* Aim of the task
The required output is the stretch from the line containing "On October 22, Kennedy" through the line containing "기계식 키보드 파우치 - BEST 10 알뜰 쇼핑 제품 추천 및 정보" in the records below, unaltered and with no pictures.

::: Data for the task

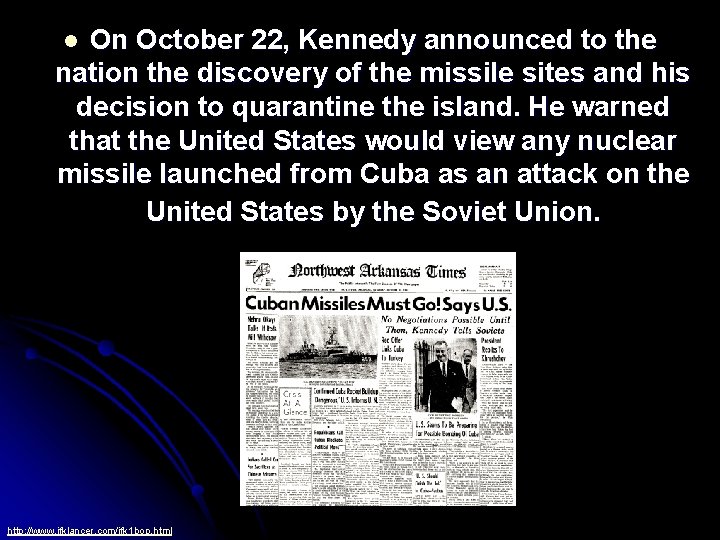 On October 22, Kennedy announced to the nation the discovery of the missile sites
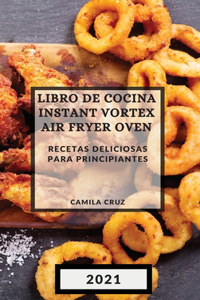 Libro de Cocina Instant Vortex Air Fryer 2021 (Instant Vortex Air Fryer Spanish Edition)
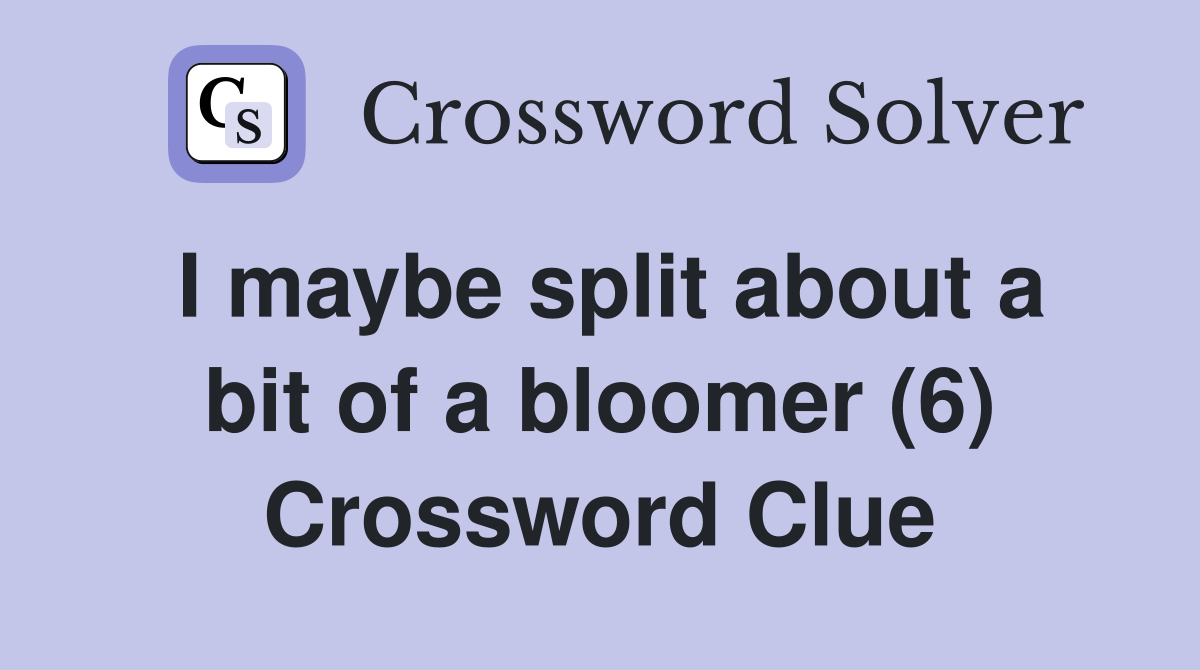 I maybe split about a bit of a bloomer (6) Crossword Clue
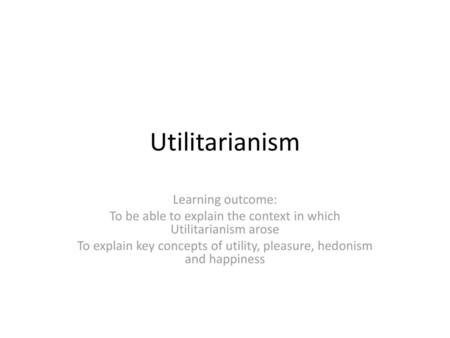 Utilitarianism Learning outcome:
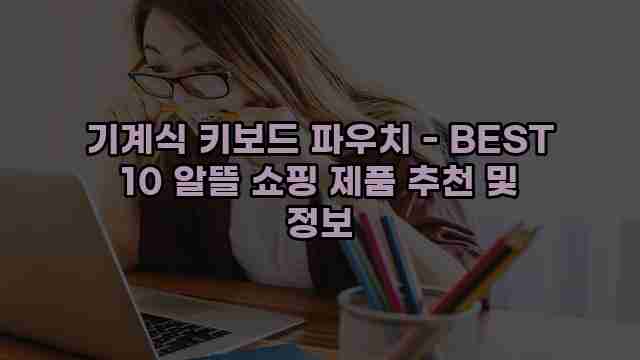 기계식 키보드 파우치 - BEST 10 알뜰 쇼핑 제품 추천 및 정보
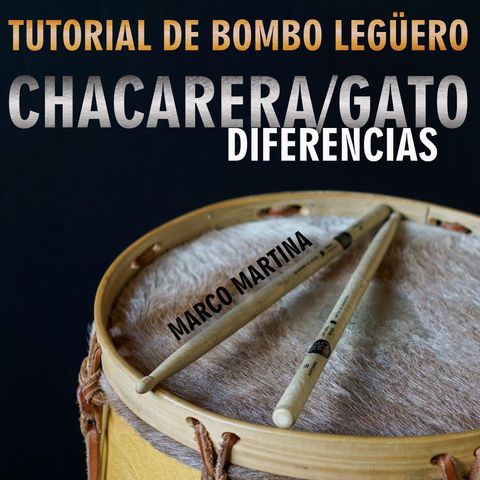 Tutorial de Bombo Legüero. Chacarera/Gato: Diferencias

::::::
::: Data for the task

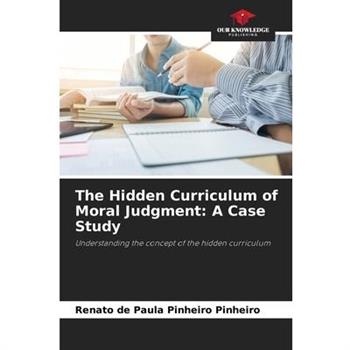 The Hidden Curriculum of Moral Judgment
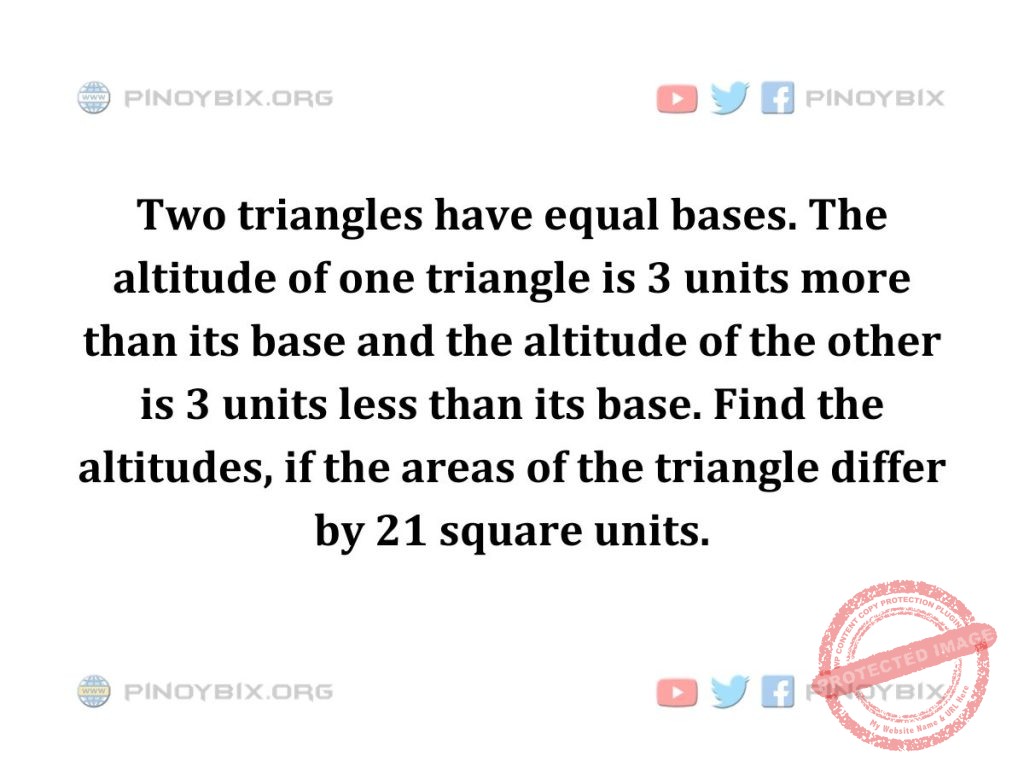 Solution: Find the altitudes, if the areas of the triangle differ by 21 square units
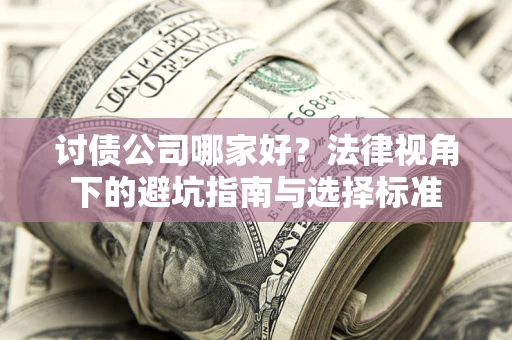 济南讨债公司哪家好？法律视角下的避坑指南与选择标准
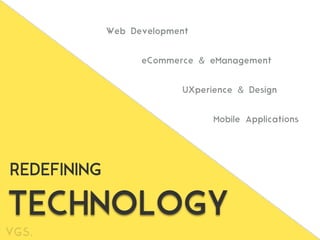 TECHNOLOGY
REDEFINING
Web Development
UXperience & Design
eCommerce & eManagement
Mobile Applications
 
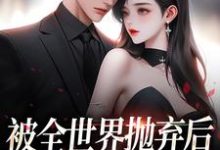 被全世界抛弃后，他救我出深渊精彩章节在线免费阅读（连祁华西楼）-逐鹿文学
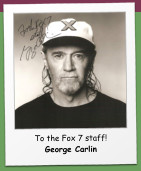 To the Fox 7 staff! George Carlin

::::::

* Answer
 On October 22, Kennedy announced to the nation the discovery of the missile sites
 Libro de Cocina Instant Vortex Air Fryer 2021 (Instant Vortex Air Fryer Spanish Edition)
 I maybe split about a bit of a bloomer (6) Crossword Clue
 Utilitarianism Learning outcome:
 기계식 키보드 파우치 - BEST 10 알뜰 쇼핑 제품 추천 및 정보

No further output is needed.